Top of Provided information

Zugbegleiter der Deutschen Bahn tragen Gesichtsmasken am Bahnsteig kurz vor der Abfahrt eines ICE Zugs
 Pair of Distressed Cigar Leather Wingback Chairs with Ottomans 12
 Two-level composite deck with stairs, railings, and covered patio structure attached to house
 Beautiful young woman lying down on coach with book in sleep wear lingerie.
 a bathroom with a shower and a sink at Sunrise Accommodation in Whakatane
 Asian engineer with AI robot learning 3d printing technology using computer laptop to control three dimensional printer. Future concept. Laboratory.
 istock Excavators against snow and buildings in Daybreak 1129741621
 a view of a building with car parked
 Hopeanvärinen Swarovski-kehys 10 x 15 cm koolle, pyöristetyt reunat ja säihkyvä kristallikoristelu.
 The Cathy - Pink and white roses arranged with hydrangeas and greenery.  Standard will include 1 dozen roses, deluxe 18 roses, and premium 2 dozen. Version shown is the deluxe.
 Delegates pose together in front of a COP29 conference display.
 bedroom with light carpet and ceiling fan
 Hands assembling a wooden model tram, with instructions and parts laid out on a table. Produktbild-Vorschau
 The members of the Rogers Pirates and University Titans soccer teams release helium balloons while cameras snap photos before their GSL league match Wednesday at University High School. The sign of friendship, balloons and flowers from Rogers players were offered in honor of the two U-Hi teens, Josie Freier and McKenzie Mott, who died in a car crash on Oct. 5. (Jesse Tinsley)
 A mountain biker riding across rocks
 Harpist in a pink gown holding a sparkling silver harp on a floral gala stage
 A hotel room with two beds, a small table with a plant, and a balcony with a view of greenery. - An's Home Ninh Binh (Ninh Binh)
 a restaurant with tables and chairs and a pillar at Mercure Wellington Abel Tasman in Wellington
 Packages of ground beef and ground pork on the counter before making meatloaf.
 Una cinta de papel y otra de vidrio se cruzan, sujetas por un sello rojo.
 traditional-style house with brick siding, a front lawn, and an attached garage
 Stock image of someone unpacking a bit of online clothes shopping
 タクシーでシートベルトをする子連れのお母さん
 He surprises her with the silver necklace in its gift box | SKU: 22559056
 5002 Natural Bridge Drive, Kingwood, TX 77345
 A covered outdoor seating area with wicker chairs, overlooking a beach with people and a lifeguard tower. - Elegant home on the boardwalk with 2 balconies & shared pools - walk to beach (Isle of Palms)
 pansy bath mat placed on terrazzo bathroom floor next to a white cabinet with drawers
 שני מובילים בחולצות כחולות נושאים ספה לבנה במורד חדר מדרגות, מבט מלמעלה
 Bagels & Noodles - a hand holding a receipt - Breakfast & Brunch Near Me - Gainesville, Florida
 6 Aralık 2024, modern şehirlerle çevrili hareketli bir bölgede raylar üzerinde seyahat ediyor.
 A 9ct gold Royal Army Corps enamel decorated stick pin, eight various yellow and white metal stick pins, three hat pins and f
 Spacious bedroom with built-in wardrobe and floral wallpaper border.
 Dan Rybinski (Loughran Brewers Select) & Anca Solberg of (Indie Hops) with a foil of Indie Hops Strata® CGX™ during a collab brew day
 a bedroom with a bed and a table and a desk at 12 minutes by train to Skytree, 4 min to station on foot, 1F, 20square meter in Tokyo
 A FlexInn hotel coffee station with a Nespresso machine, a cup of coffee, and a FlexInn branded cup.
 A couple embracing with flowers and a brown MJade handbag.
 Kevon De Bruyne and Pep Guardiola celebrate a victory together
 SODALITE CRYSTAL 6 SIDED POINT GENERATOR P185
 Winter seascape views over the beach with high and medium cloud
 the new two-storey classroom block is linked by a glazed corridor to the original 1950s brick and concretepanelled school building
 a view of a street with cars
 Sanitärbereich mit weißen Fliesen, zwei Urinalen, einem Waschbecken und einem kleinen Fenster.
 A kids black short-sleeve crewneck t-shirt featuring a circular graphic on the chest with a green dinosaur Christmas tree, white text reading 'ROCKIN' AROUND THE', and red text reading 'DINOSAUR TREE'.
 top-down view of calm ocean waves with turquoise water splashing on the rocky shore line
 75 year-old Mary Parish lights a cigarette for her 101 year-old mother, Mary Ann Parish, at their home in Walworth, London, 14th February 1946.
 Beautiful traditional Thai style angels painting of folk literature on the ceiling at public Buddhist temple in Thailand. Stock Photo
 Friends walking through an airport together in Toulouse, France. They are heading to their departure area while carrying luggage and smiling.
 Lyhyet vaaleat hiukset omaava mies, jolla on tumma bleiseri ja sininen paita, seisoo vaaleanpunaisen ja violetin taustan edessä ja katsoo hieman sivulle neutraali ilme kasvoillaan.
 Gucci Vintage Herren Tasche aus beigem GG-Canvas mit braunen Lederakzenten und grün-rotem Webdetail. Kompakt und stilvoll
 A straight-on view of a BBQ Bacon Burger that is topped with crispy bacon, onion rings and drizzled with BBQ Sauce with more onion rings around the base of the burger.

Bottom of Provided information

Requirement -
Give back every entry exactly, with nothing left out.

Final answer -
Zugbegleiter der Deutschen Bahn tragen Gesichtsmasken am Bahnsteig kurz vor der Abfahrt eines ICE Zugs
 Pair of Distressed Cigar Leather Wingback Chairs with Ottomans 12
 Two-level composite deck with stairs, railings, and covered patio structure attached to house
 Beautiful young woman lying down on coach with book in sleep wear lingerie.
 a bathroom with a shower and a sink at Sunrise Accommodation in Whakatane
 Asian engineer with AI robot learning 3d printing technology using computer laptop to control three dimensional printer. Future concept. Laboratory.
 istock Excavators against snow and buildings in Daybreak 1129741621
 a view of a building with car parked
 Hopeanvärinen Swarovski-kehys 10 x 15 cm koolle, pyöristetyt reunat ja säihkyvä kristallikoristelu.
 The Cathy - Pink and white roses arranged with hydrangeas and greenery.  Standard will include 1 dozen roses, deluxe 18 roses, and premium 2 dozen. Version shown is the deluxe.
 Delegates pose together in front of a COP29 conference display.
 bedroom with light carpet and ceiling fan
 Hands assembling a wooden model tram, with instructions and parts laid out on a table. Produktbild-Vorschau
 The members of the Rogers Pirates and University Titans soccer teams release helium balloons while cameras snap photos before their GSL league match Wednesday at University High School. The sign of friendship, balloons and flowers from Rogers players were offered in honor of the two U-Hi teens, Josie Freier and McKenzie Mott, who died in a car crash on Oct. 5. (Jesse Tinsley)
 A mountain biker riding across rocks
 Harpist in a pink gown holding a sparkling silver harp on a floral gala stage
 A hotel room with two beds, a small table with a plant, and a balcony with a view of greenery. - An's Home Ninh Binh (Ninh Binh)
 a restaurant with tables and chairs and a pillar at Mercure Wellington Abel Tasman in Wellington
 Packages of ground beef and ground pork on the counter before making meatloaf.
 Una cinta de papel y otra de vidrio se cruzan, sujetas por un sello rojo.
 traditional-style house with brick siding, a front lawn, and an attached garage
 Stock image of someone unpacking a bit of online clothes shopping
 タクシーでシートベルトをする子連れのお母さん
 He surprises her with the silver necklace in its gift box | SKU: 22559056
 5002 Natural Bridge Drive, Kingwood, TX 77345
 A covered outdoor seating area with wicker chairs, overlooking a beach with people and a lifeguard tower. - Elegant home on the boardwalk with 2 balconies & shared pools - walk to beach (Isle of Palms)
 pansy bath mat placed on terrazzo bathroom floor next to a white cabinet with drawers
 שני מובילים בחולצות כחולות נושאים ספה לבנה במורד חדר מדרגות, מבט מלמעלה
 Bagels & Noodles - a hand holding a receipt - Breakfast & Brunch Near Me - Gainesville, Florida
 6 Aralık 2024, modern şehirlerle çevrili hareketli bir bölgede raylar üzerinde seyahat ediyor.
 A 9ct gold Royal Army Corps enamel decorated stick pin, eight various yellow and white metal stick pins, three hat pins and f
 Spacious bedroom with built-in wardrobe and floral wallpaper border.
 Dan Rybinski (Loughran Brewers Select) & Anca Solberg of (Indie Hops) with a foil of Indie Hops Strata® CGX™ during a collab brew day
 a bedroom with a bed and a table and a desk at 12 minutes by train to Skytree, 4 min to station on foot, 1F, 20square meter in Tokyo
 A FlexInn hotel coffee station with a Nespresso machine, a cup of coffee, and a FlexInn branded cup.
 A couple embracing with flowers and a brown MJade handbag.
 Kevon De Bruyne and Pep Guardiola celebrate a victory together
 SODALITE CRYSTAL 6 SIDED POINT GENERATOR P185
 Winter seascape views over the beach with high and medium cloud
 the new two-storey classroom block is linked by a glazed corridor to the original 1950s brick and concretepanelled school building
 a view of a street with cars
 Sanitärbereich mit weißen Fliesen, zwei Urinalen, einem Waschbecken und einem kleinen Fenster.
 A kids black short-sleeve crewneck t-shirt featuring a circular graphic on the chest with a green dinosaur Christmas tree, white text reading 'ROCKIN' AROUND THE', and red text reading 'DINOSAUR TREE'.
 top-down view of calm ocean waves with turquoise water splashing on the rocky shore line
 75 year-old Mary Parish lights a cigarette for her 101 year-old mother, Mary Ann Parish, at their home in Walworth, London, 14th February 1946.
 Beautiful traditional Thai style angels painting of folk literature on the ceiling at public Buddhist temple in Thailand. Stock Photo
 Friends walking through an airport together in Toulouse, France. They are heading to their departure area while carrying luggage and smiling.
 Lyhyet vaaleat hiukset omaava mies, jolla on tumma bleiseri ja sininen paita, seisoo vaaleanpunaisen ja violetin taustan edessä ja katsoo hieman sivulle neutraali ilme kasvoillaan.
 Gucci Vintage Herren Tasche aus beigem GG-Canvas mit braunen Lederakzenten und grün-rotem Webdetail. Kompakt und stilvoll
 A straight-on view of a BBQ Bacon Burger that is topped with crispy bacon, onion rings and drizzled with BBQ Sauce with more onion rings around the base of the burger.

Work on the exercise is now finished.